──────── Dataset section ────────
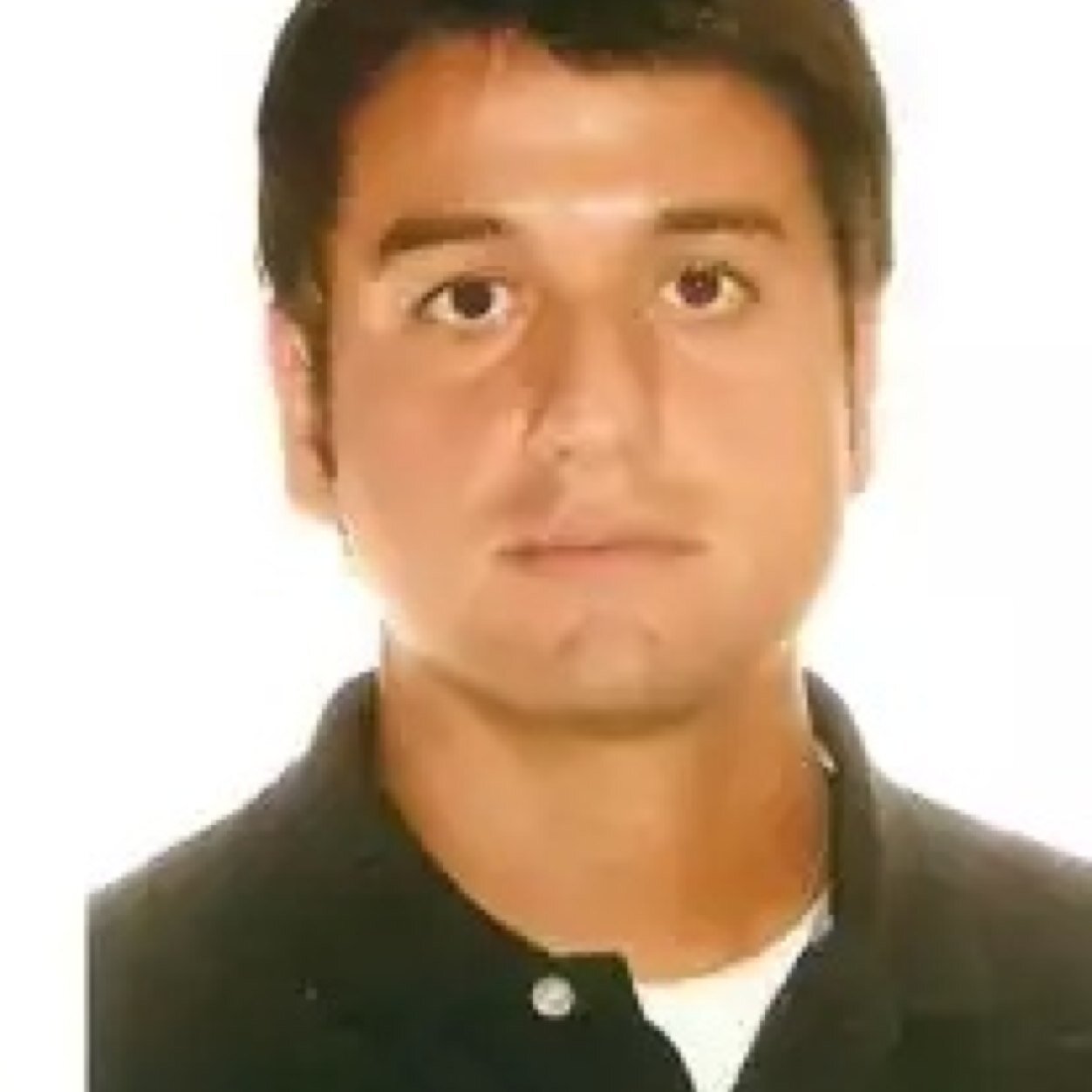 Nacido y criado en el llano. Yopalito! amante de la politica y la velocidad.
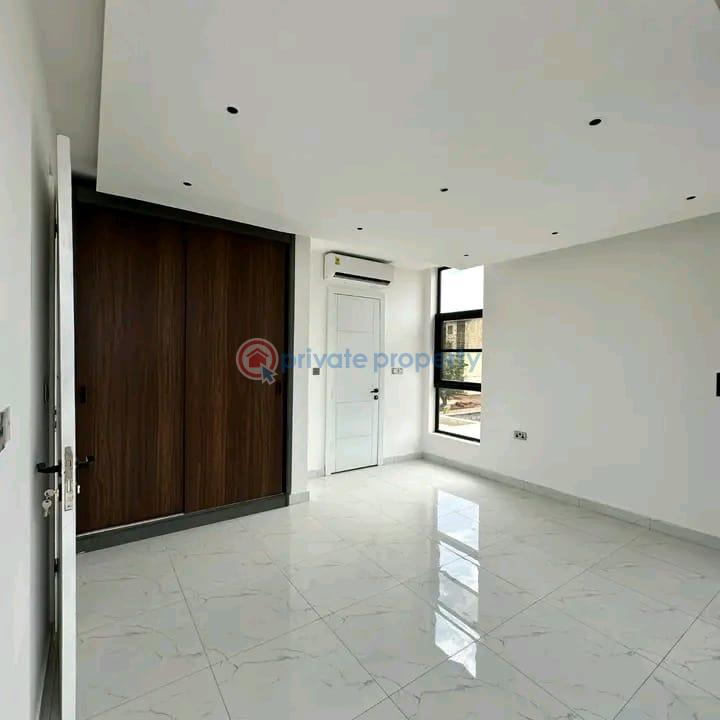 4 bedroom Townhouse For Sale Adenta Municipal Accra - 4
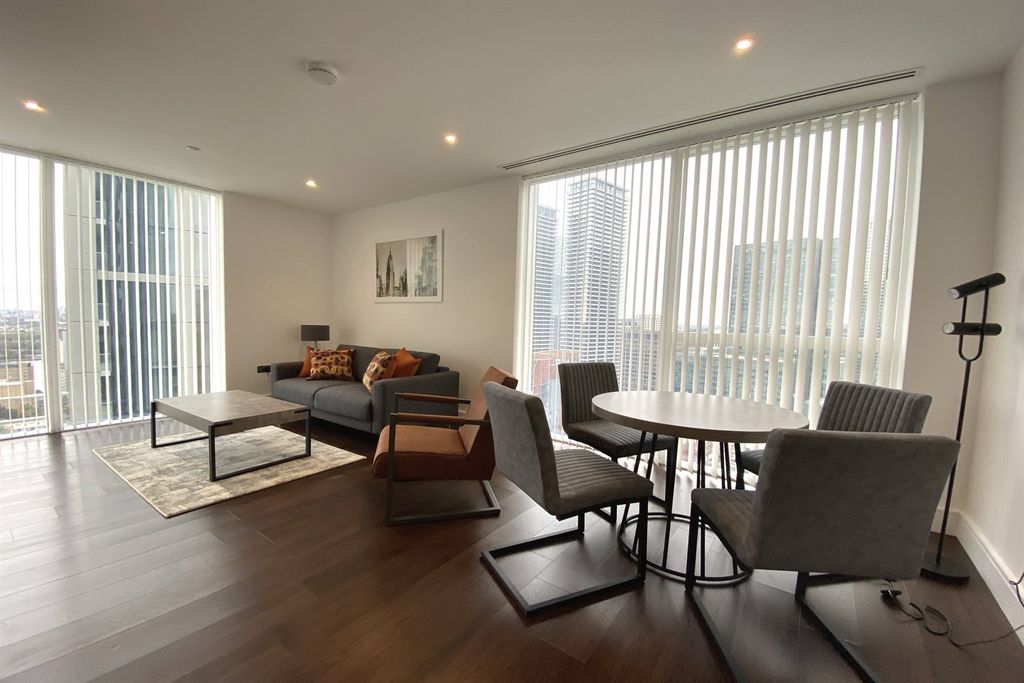 Property photo 1 of 9 Reception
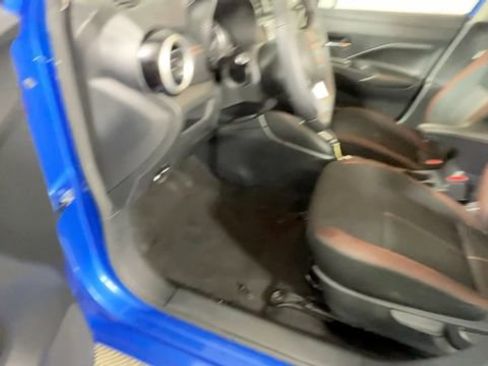 Used 2021 Nissan Versa SR w/ Convenience Package FWD image 19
────────
§ Your assignment
Write out the material above without changing a word, and skip any picture.

§ Written response
 Nacido y criado en el llano. Yopalito! amante de la politica y la velocidad.
 4 bedroom Townhouse For Sale Adenta Municipal Accra - 4
 Property photo 1 of 9 Reception
 Used 2021 Nissan Versa SR w/ Convenience Package FWD image 19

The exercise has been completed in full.